|Reviews: Malcolm Morley
ARTnews, May 2006, pp. 170-171
1 May 2006
Whether depicting a car crash or a thundering phalanx of racehorses urged on by their brightly uniformed jockeys, Malcolm Morley's visceral recent paintings took vibrant, athletic, and even violent movement through space as their subject. The imagery formed a dynamic culmination to this perceptive survey of more than 40 works dating from 1965 to 2005.
The show included Morley's early photorealist paintings, which he preferred to call "superrealistic" in homage to Kasimir Malevich's pioneering Suprematist art. In SS Amsterdam in front of Rotterdam and Ship's Dinner Party (both 1966), Morley captured the bold colors and glossy surfaces of the offset-printed promotional materials used to advertise cruise-ship glamour.

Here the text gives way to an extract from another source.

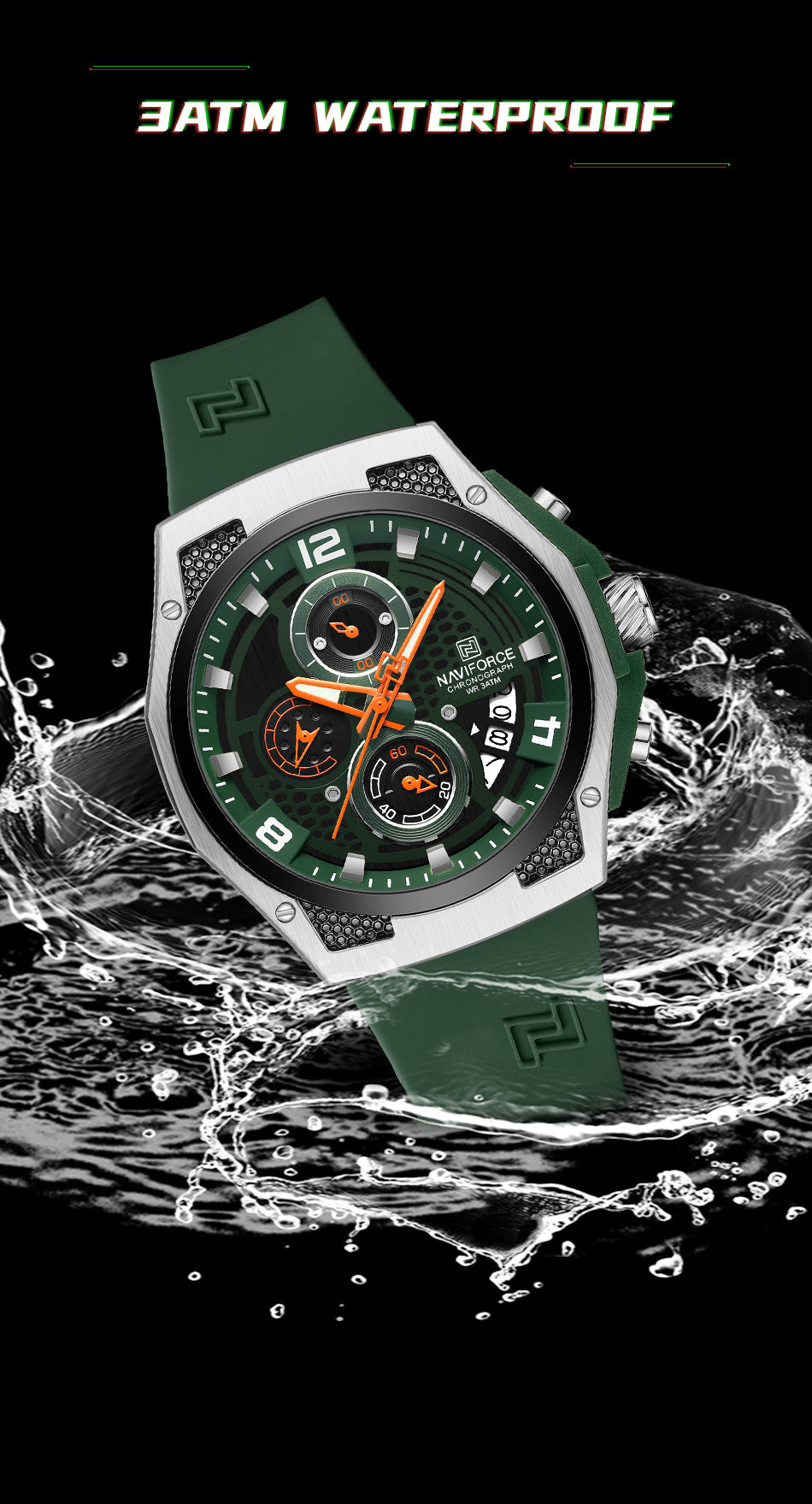 Naviforce 8051 - Green Dial Chronograph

Over time he has replaced the brittle elegance of these scenes with bright confusion and grisly subject matter. Death of Dale Earnhardt (2003) and The Art of Painting (2005) were both inspired by an Associated Press photograph of the 2001 collision that killed the famous racecar driver. Morley, clearly enthralled by the lush colors and textures of paint, rendered the cars' creased metal and smoky haze with a smoldering intensity. While his earlier paintings brought to mind the static clarity of a mechanical reproduction, here Morley suggested how the camera can capture cataclysmic motion.
This exhibition was the third in a series of solo shows curated by museum director and chief curator Bonnie Clearwater, following surveys of the work of Roy Lichtenstein and Richard Artschwager. She has keenly analyzed the ways in which all three used photographs and photographic reproductions to break away from Abstract Expressionism, and how each in his own way used painting to riff on the verisimilitude of a photograph.